Faire du sport pour ne pas penser : l’activité physique comme fuite psychique

Le sport est souvent valorisé comme un remède universel. Il permettrait d’évacuer le stress, de se recentrer, de se reconnecter à soi. Mais que se passe-t-il lorsque l’activité physique devient une manière de ne surtout pas ressentir, ni penser, ni s’arrêter ? Derrière certains comportements sportifs apparemment sains se cache une fonction d’évitement, plus inconsciente qu’il n’y paraît. Courir, nager ou soulever des poids devient alors moins un acte de soin qu’un geste de fuite, un brouillage sensoriel visant à éteindre ce qui menace à l’intérieur.
Le corps en mouvement comme défense contre l’élaboration psychique
Certains sujets mobilisent leur corps pour éviter un conflit interne qui ne trouve pas de mots. L’effort physique sert alors à contenir l’émergence d’affects bruts, trop envahissants ou menaçants. Il permet de déplacer dans les muscles ce qui devrait s’élaborer dans la pensée. À la surface, le sportif évoque la « décompression », la « bonne fatigue », mais il s’agit souvent d’un épuisement recherché pour court-circuiter toute introspection. Le mouvement devient anesthésiant, le silence recherché n’est pas de l’apaisement, mais un brouillage intérieur.
Un exemple concret : fuir la pensée pour garder le contrôle
Thomas, 42 ans, se rend chaque matin à la salle de sport avant d’aller travailler. Rien d’anormal, sauf qu’il le fait même fiévreux, même blessé, et avec une régularité qui exclut toute spontanéité. Lorsqu’on l’interroge, il répond : « Si je rate une séance, je ne suis pas bien dans ma tête toute la journée. » Il s’est construit une routine rigide pour, dit-il, « se vider l’esprit ». Mais ce « vidage » n’est pas neutre : il permet de ne pas penser à sa solitude, à l’absence de désir dans son couple, à sa peur d’échouer professionnellement. Le sport devient sa manière de museler tout ce qui pourrait le faire vaciller.
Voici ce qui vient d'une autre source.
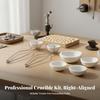 8 Pieces Crucible Set with Tongs Complete Porcelain Melting Dish Heavy Duty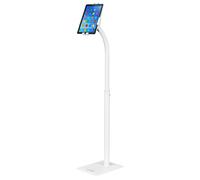 Manhattan Supporto da pavimento antifurto per tablet e iPad 7,9-11'' Rotazione 360° Bianco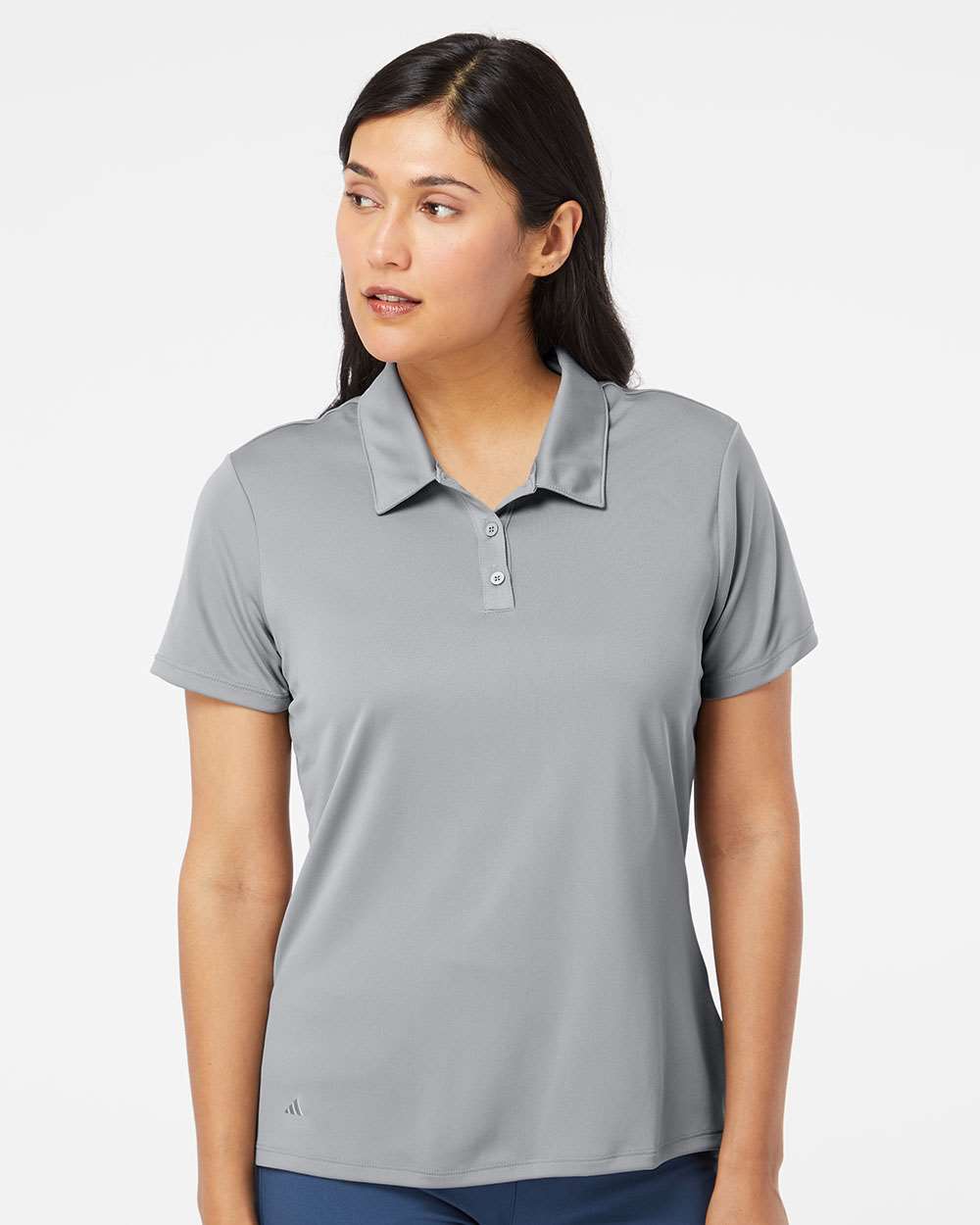 adidas Women's Performance Polo in Grey Three - custom logo apparel by Buckeye Branding Co.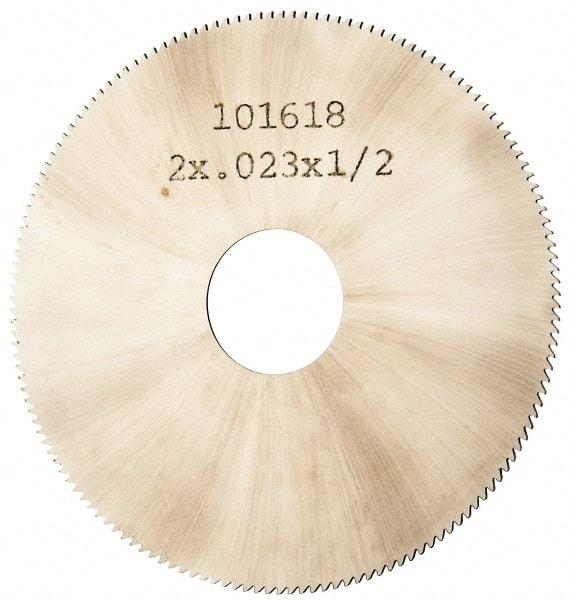 Made in USA - 2" Diam x 0.023" Blade Thickness, 1/2" Arbor Hole Diam, 152 Teeth, Solid Carbide Jeweler's Saw - Uncoated - Best Tool & Supply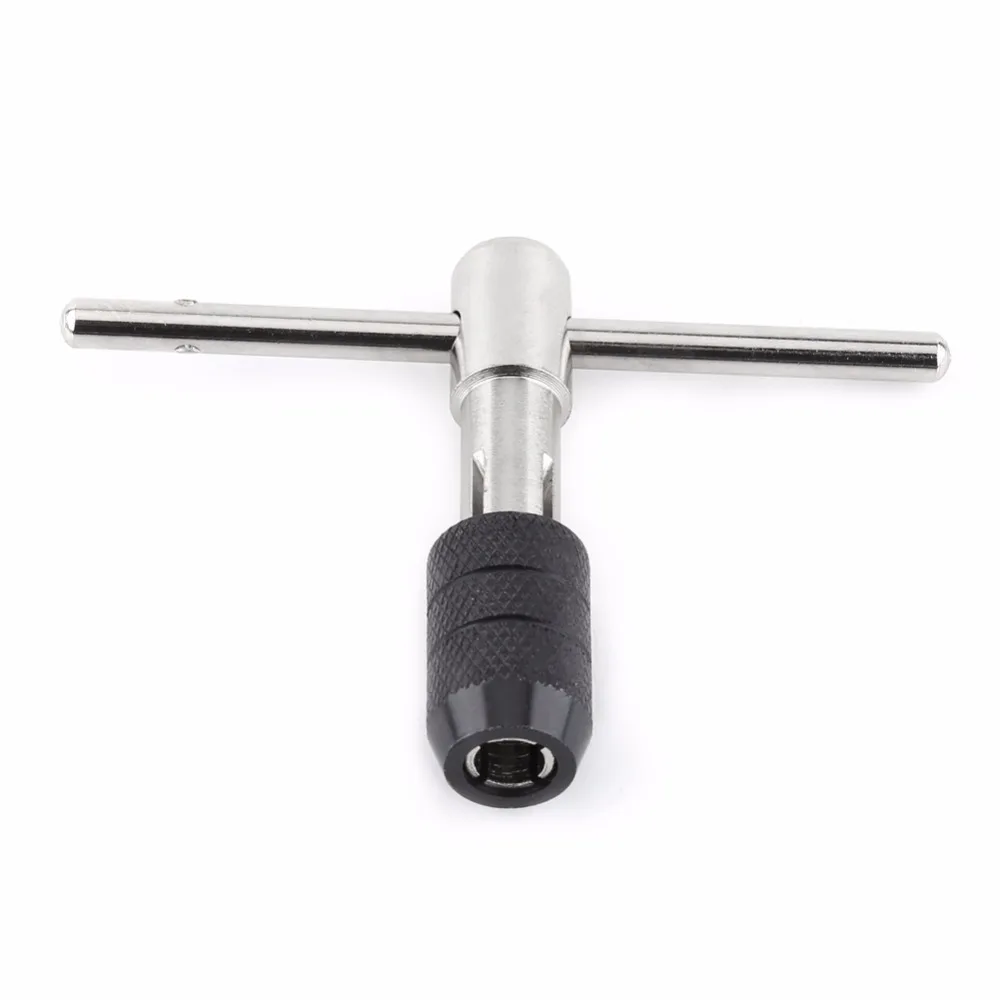 Tap Wrench T Handle Ratchet Spanner with M6-M12 Screw Taps Thread Metric Plugs Hand Tools Tap Die Set 2019 new style
Tap Wrench T Handle Ratchet Spanner with M6-M12 Screw Taps Thread Metric Plugs Hand Tools Tap Die Set 2019 new style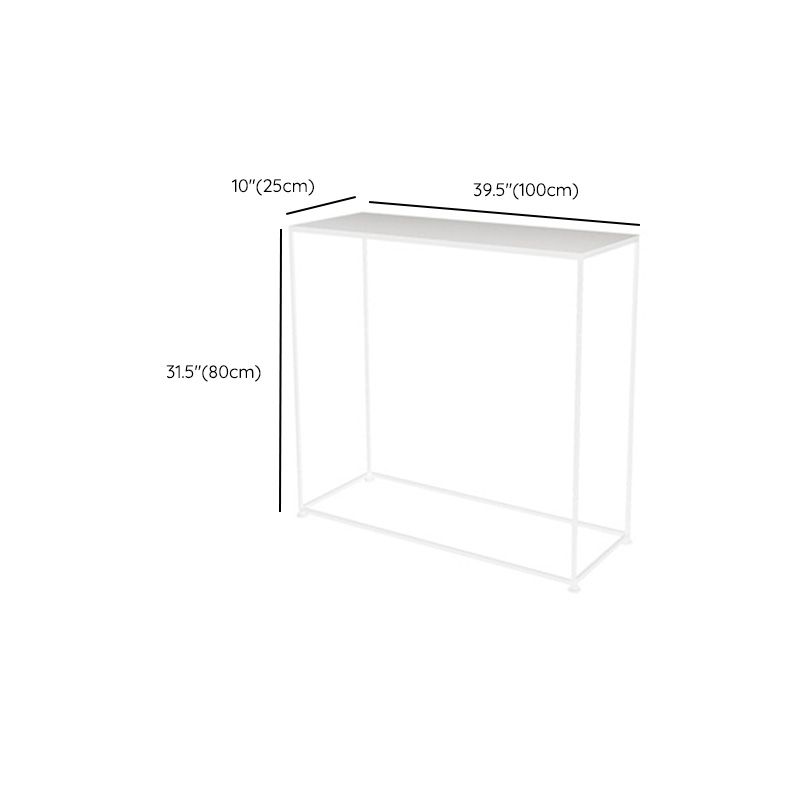 Rectangle Contemporary Console Accent Table Antique Finish Console Sofa Table in Metal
L’idéologie du bien-être comme couverture de la fuite
Dans une société où l’injonction au bien-être est omniprésente, faire du sport semble irréprochable. Il devient même une norme socialement valorisée. Pourtant, cette norme peut être pervertie lorsqu’elle sert à légitimer des conduites d’évitement. L’activité physique, dans ce contexte, permet de se cacher derrière une apparente hygiène de vie, tout en fuyant les remaniements psychiques nécessaires. Le corps est sollicité comme écran de protection : il souffre, il se sculpte, mais il empêche surtout d’avoir à entendre ce qui, dans le silence, pourrait surgir.
Aller vers une autre écoute du corps et de ses usages
Il ne s’agit pas de condamner le sport, mais d’interroger ce que chacun y met. Une pratique saine s’accompagne d’une capacité à en parler autrement qu’en termes de performance ou de rituel. Lorsque le corps devient un outil de fuite, il ne libère pas : il enferme dans une boucle sans mots. Inverser ce mouvement suppose de tolérer le vide, d’accepter l’inaction momentanée, et de risquer l’écoute de ce qui remonte. C’est en s’autorisant à ralentir que certains commencent à sentir, et parfois à comprendre, ce qu’ils avaient tenté d’ensevelir sous les efforts.